Our detectors can distinguish charge ($e^+$ versus $e^-$) and flavor ($e$ versus $\mu$), but a collision event may have more electrons or muons than the ones that came from Higgs or Z decays. The challenge will be to iterate through these collections to reconstruct Higgs candidates without double-counting or under-counting.

## Getting data, building objects

Since this is a new notebook, we need to import the packages we'll be using and load the data.

In [1]:
import json

import numpy as np
import vector

dataset = json.load(open("../data/SMHiggsToZZTo4L.json"))

def to_vector(particle):
    return vector.obj(
        pt=particle["pt"],
        eta=particle["eta"],
        phi=particle["phi"],
        mass=particle["mass"],
    )

Let's make one collection of electrons and muons (collectively called "leptons") from one event as a list of Python dicts.
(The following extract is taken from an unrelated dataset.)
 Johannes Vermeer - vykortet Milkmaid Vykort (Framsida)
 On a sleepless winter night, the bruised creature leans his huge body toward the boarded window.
(In general, it would be better to use Python classes than Python dicts, since classes can be constrained with type annotations, but we won't be using classes or Python typing in any of the next Python lessons, so I won't introduce them here, either.)

In [2]:
electrons_and_muons = []   # collectively known as "leptons"

event = dataset[96]   # a nice event with 3 electrons and 3 muons

for particle in event["electron"]:
    electrons_and_muons.append({
        "type": "electron",
        "charge": particle["charge"],
        "vector": to_vector(particle),
    })

for particle in event["muon"]:
    electrons_and_muons.append({
        "type": "muon",
        "charge": particle["charge"],
        "vector": to_vector(particle),
    })

Now, as a first draft ("step 0") of forming Z candidates, we'll make all non-repeating pairs of leptons (electrons and muons).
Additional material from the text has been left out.